• **WHAT YOU WILL DO**
Would you please transcribe the listing exactly, with no images?

»»

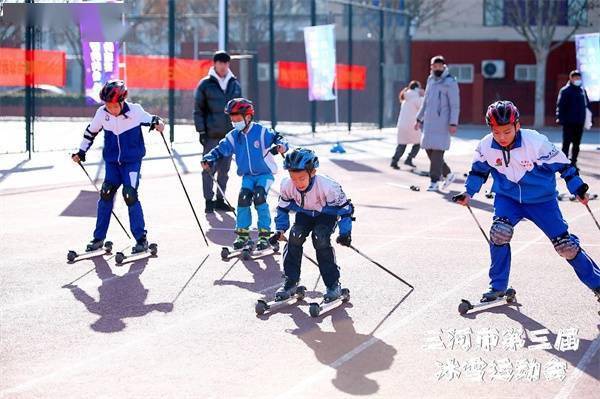 运动会|三河市第三届冰雪运动会隆重开幕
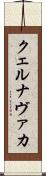 クェルナヴァカ Scroll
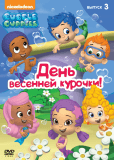 Гуппи и пузырики (сериал)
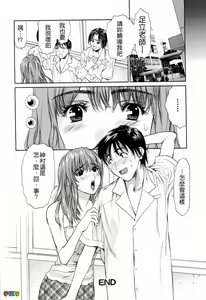 Page 40 of Hajimete no Hito - My First Lady - preview thumbnail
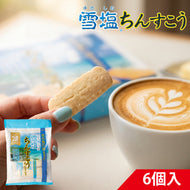 雪塩ちんすこう 6個(2×3袋)入
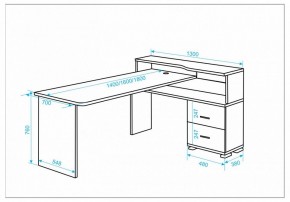 Стол письменный Домино СР-620/140 C в Лесном - lesnoy.mebel24.online | фото 2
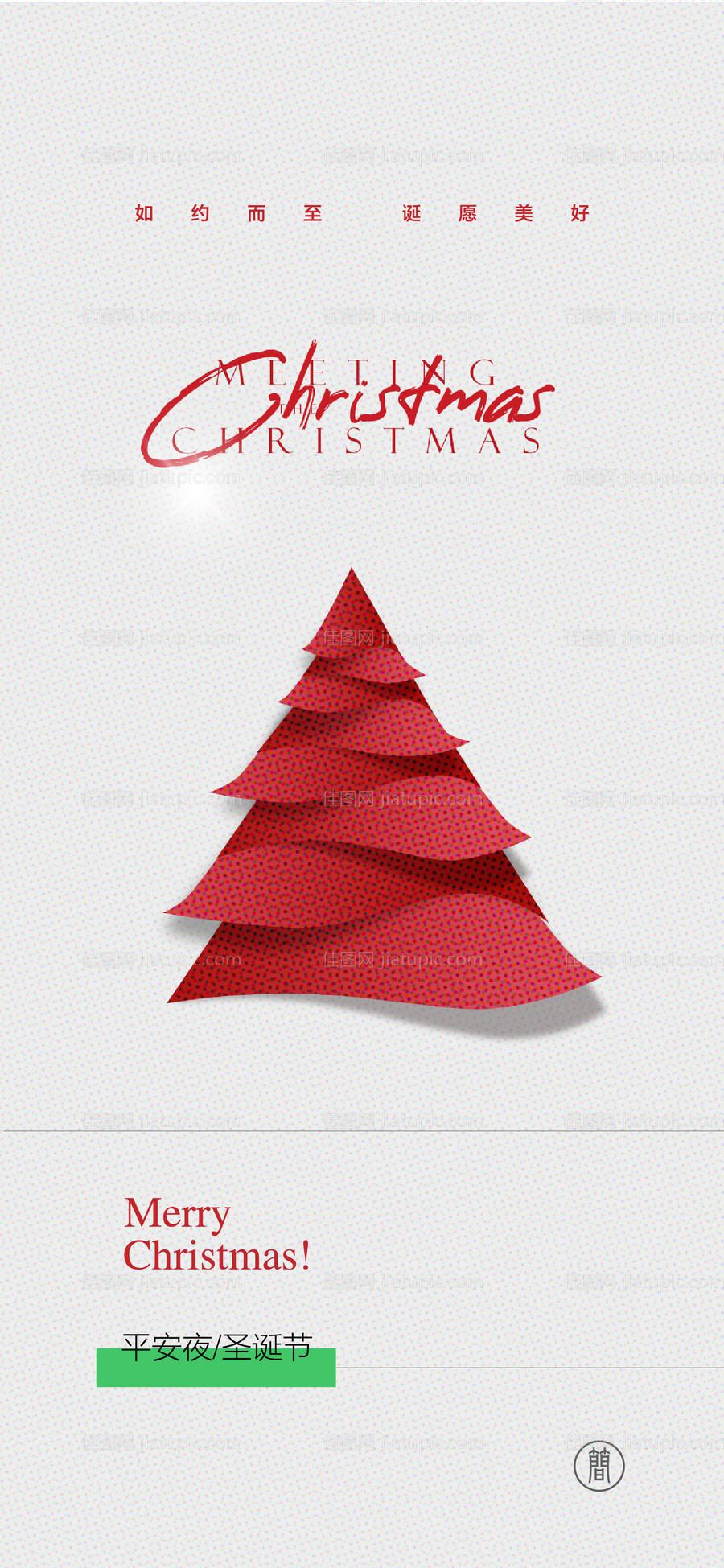 平安夜圣诞节海报-源文件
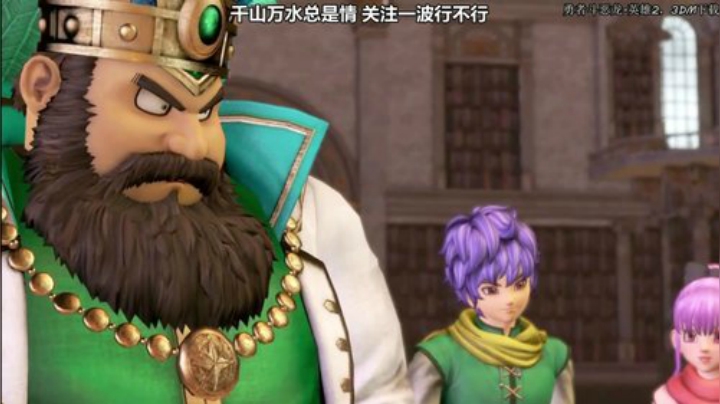 【勇者斗恶龙】海狸先生不吃鱼的精彩时刻 20201028 12点场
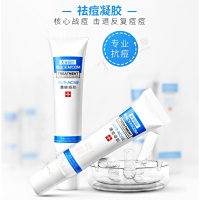 祛痘凝胶代加工-即时清痘，淡化净颜无暇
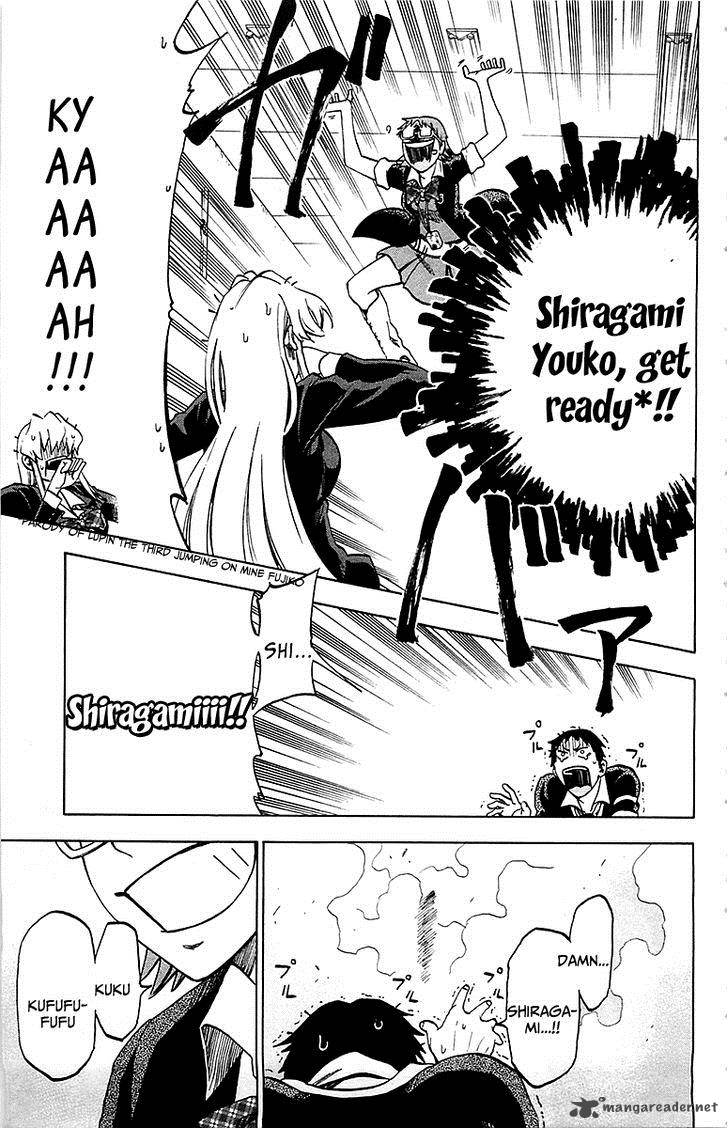 Jitsu Wa Watashi Wa 3 18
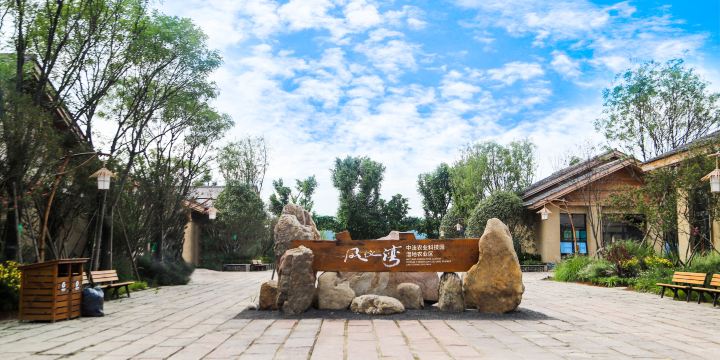 Fengyi Bay Sino-French Agricultural Science and Technology Park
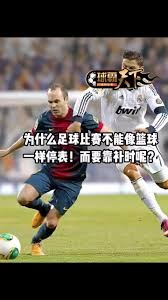 新鹏城新援加布里埃尔与克雷桑并列中超身价榜首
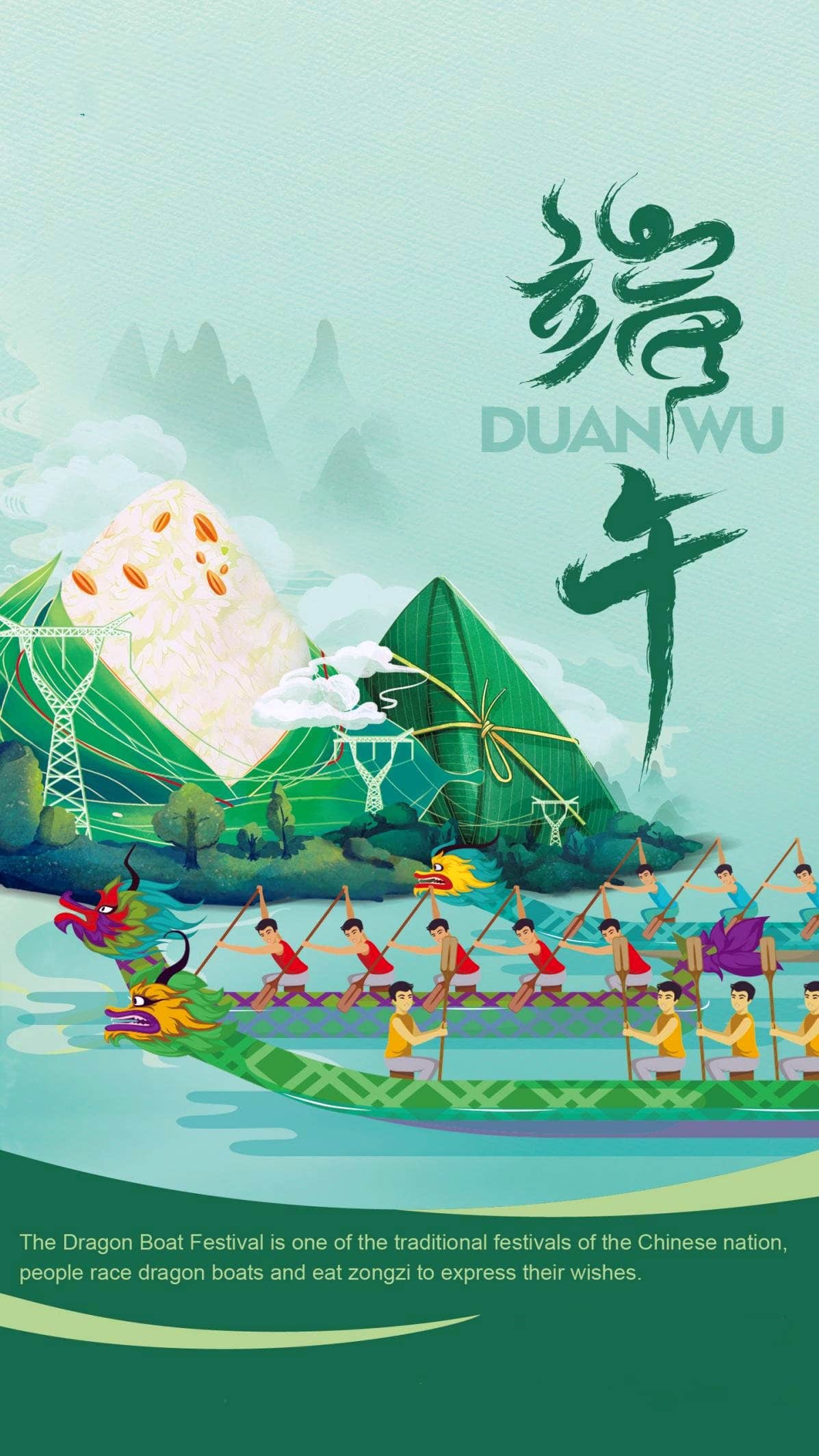 How much do you know about Chinese Dragon Boat Festival?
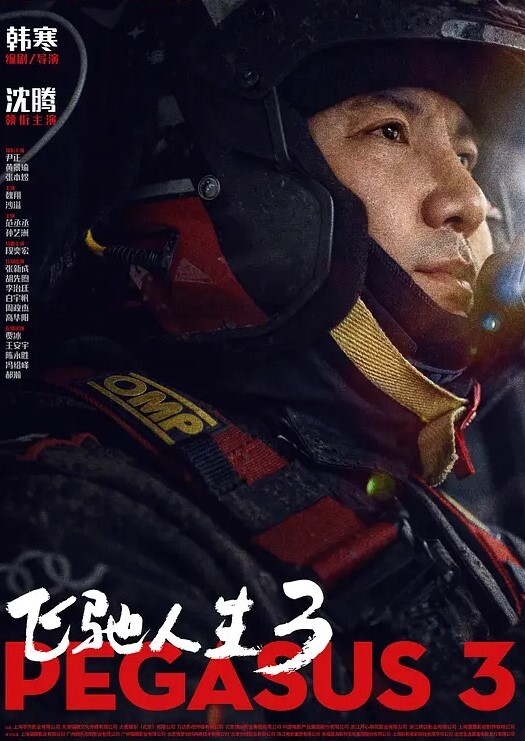 颜值人妻少妇黑丝高跟诱惑跟小哥激情啪啪口交大鸡巴的样子好骚多体位无套爆草内射中出 - 极品女星
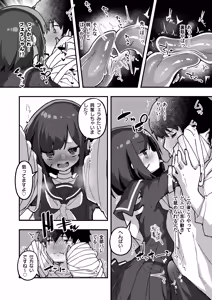Page 8 of GIRL Kouhai Kanojo no Seijijou 4 - preview thumbnail
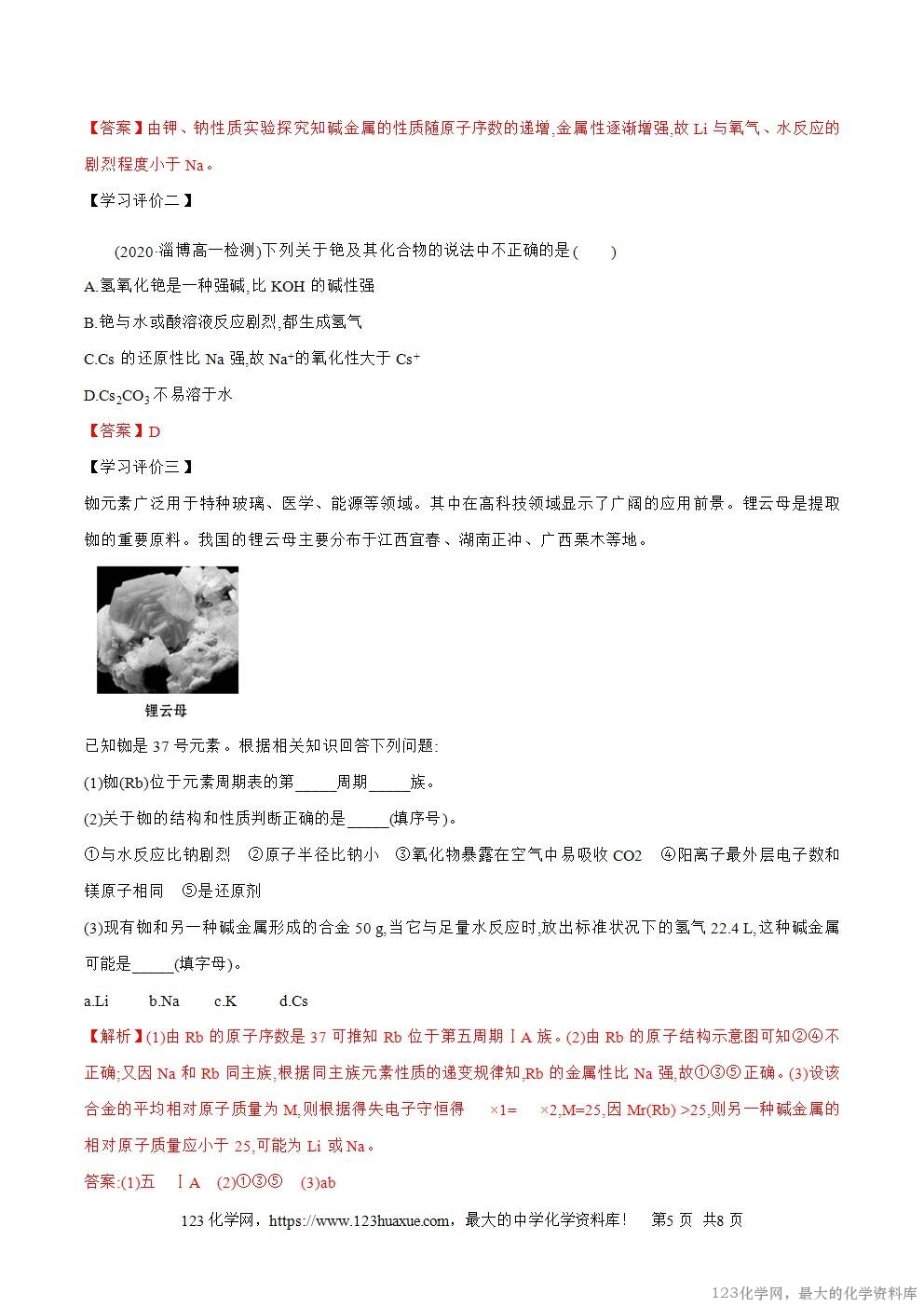 2025秋高一上人教版化学必修第一册备课教案4
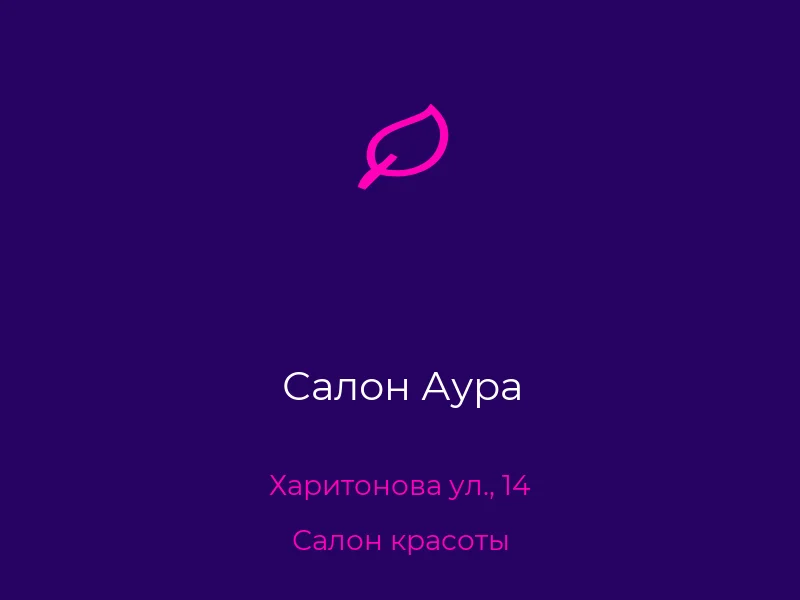 Салон Аура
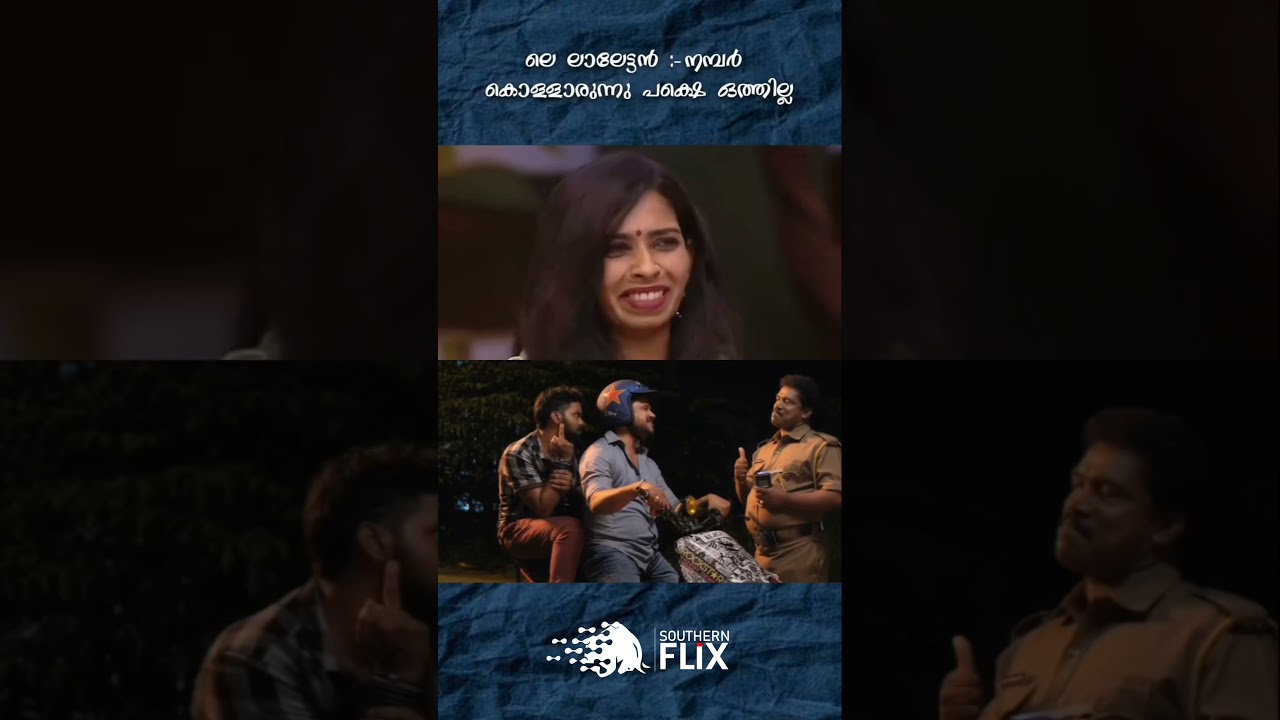 Big boss funny situation 😂 Renu sudhi 😂😂 mohanlal📈🔥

««

• **ANSWER SPACE**
 运动会|三河市第三届冰雪运动会隆重开幕
 クェルナヴァカ Scroll
 Гуппи и пузырики (сериал)
 Page 40 of Hajimete no Hito - My First Lady - preview thumbnail
 雪塩ちんすこう 6個(2×3袋)入
 Стол письменный Домино СР-620/140 C в Лесном - lesnoy.mebel24.online | фото 2
 平安夜圣诞节海报-源文件
 【勇者斗恶龙】海狸先生不吃鱼的精彩时刻 20201028 12点场
 祛痘凝胶代加工-即时清痘，淡化净颜无暇
 Jitsu Wa Watashi Wa 3 18
 Fengyi Bay Sino-French Agricultural Science and Technology Park
 新鹏城新援加布里埃尔与克雷桑并列中超身价榜首
 How much do you know about Chinese Dragon Boat Festival?
 颜值人妻少妇黑丝高跟诱惑跟小哥激情啪啪口交大鸡巴的样子好骚多体位无套爆草内射中出 - 极品女星
Page 8 of GIRL Kouhai Kanojo no Seijijou 4 - preview thumbnail
 2025秋高一上人教版化学必修第一册备课教案4
 Салон Аура
 Big boss funny situation 😂 Renu sudhi 😂😂 mohanlal📈🔥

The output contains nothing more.